Posted: Wed Nov 25, 2015 10:10 am
by T_FIELD
Could you tell me the difference of standard errors of the following two estimator?

linreg(weight=num,robusterror) y /
# constant x

set ww = (1/num)
linreg(spread=ww,robusterror) y /
# constant x

I checked that the standard error from the first code was calculated by using (1) residuals = y – beta(WLS)*x and (2) weighted variables (py, px). However, it seems to be a wrong estimator as suggested in Rats User Guide 810, pp UG-44. How does Rats compute the second, correct standard errors? I am happy if you could explain in line with the equation (15) on page 44 in the Guide.

Sincerely,

Re: WLS with robusterror

Posted: Wed Nov 25, 2015 11:31 am
by TomDoan
The User's Guide says that WEIGHT is for probability weighting (for instance, in EM calculations in switching models), not for heteroscedasticity correction so don't use the former if you intend the latter. The two aren't the same and aren't intended to be. With the WEIGHT option, any sum uses w(t) weights on whatever is being summed.
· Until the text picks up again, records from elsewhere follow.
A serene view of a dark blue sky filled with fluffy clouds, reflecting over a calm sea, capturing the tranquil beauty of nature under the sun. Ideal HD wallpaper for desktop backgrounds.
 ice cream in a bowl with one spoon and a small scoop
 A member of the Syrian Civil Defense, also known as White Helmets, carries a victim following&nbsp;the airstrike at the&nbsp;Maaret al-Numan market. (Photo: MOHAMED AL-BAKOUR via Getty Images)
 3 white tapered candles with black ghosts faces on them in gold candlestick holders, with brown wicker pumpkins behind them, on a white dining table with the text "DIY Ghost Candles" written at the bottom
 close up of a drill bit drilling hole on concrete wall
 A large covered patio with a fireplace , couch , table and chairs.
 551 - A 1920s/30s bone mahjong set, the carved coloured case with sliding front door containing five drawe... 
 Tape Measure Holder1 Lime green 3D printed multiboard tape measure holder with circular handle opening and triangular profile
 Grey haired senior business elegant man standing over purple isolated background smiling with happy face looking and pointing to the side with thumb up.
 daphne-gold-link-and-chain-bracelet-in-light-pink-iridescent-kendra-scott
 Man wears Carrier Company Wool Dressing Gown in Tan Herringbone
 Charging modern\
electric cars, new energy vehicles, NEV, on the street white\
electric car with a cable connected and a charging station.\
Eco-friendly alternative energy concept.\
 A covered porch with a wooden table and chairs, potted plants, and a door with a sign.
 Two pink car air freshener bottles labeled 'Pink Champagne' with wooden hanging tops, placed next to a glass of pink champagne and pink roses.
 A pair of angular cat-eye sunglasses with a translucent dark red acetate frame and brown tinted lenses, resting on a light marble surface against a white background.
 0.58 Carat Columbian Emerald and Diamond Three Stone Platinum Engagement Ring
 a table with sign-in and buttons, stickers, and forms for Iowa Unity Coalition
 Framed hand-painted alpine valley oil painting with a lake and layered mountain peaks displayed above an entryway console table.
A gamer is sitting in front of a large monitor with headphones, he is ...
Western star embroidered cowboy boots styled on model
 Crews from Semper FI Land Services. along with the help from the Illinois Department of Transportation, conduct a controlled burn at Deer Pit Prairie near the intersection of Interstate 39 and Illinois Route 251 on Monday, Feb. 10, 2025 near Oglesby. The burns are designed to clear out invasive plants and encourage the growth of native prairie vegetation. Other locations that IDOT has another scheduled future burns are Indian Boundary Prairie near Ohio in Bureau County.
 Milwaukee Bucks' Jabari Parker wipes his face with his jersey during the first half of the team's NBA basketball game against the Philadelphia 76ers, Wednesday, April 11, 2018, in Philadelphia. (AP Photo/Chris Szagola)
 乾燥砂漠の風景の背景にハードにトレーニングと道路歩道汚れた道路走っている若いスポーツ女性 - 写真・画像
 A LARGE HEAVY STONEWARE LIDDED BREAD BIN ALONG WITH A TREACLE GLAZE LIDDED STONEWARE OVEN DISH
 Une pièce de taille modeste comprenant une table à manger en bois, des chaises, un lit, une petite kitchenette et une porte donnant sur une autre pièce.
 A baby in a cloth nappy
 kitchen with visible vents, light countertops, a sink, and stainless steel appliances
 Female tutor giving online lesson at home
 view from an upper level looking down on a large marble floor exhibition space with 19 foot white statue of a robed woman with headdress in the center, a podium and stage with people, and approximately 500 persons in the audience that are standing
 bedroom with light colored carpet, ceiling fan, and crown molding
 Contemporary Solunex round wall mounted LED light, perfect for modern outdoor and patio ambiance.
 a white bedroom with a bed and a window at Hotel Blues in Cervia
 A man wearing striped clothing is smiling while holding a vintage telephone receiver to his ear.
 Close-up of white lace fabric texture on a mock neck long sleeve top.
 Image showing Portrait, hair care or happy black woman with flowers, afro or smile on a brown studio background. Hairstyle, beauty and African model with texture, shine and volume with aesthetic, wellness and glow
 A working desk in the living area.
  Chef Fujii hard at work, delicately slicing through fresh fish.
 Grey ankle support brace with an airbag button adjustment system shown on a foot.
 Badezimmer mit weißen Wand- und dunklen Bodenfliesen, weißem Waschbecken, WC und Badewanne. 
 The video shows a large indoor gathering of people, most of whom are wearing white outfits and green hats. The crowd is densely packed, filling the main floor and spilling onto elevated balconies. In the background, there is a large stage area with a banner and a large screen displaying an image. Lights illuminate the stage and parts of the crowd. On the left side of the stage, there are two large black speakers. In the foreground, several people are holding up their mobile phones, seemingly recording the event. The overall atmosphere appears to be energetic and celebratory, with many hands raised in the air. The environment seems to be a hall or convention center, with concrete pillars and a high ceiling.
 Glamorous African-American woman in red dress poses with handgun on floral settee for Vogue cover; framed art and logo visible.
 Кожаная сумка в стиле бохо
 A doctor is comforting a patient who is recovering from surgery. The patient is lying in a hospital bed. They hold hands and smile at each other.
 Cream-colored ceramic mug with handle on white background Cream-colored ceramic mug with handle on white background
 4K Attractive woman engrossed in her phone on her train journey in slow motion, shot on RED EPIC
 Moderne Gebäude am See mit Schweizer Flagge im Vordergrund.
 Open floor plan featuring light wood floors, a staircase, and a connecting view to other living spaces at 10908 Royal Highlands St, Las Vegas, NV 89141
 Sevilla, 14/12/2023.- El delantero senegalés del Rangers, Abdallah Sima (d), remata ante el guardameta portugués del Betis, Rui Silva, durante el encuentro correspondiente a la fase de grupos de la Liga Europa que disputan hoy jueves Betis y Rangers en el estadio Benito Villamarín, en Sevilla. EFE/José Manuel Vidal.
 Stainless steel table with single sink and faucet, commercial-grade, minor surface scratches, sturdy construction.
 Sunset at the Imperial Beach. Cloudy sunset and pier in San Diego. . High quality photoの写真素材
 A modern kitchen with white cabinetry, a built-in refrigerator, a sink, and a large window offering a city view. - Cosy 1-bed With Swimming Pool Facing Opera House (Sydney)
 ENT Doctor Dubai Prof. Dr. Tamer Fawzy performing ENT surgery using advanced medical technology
Computing robusterrors involves a fourth moment calculation (sum of X(t)'u(t)u(t)X(t)) which will end up with four factors of the 1/sqrt(spread) when you do the SPREAD option so it won't match up with the single w(t) weight.

Re: WLS with robusterror

Posted: Wed Nov 25, 2015 7:32 pm
by T_FIELD
I could ontain the estimate with spread option by hand calculation when I used weighted residuals for X(t)'u(t)'u(t)X(t).
Thank you so much for your kind assistance.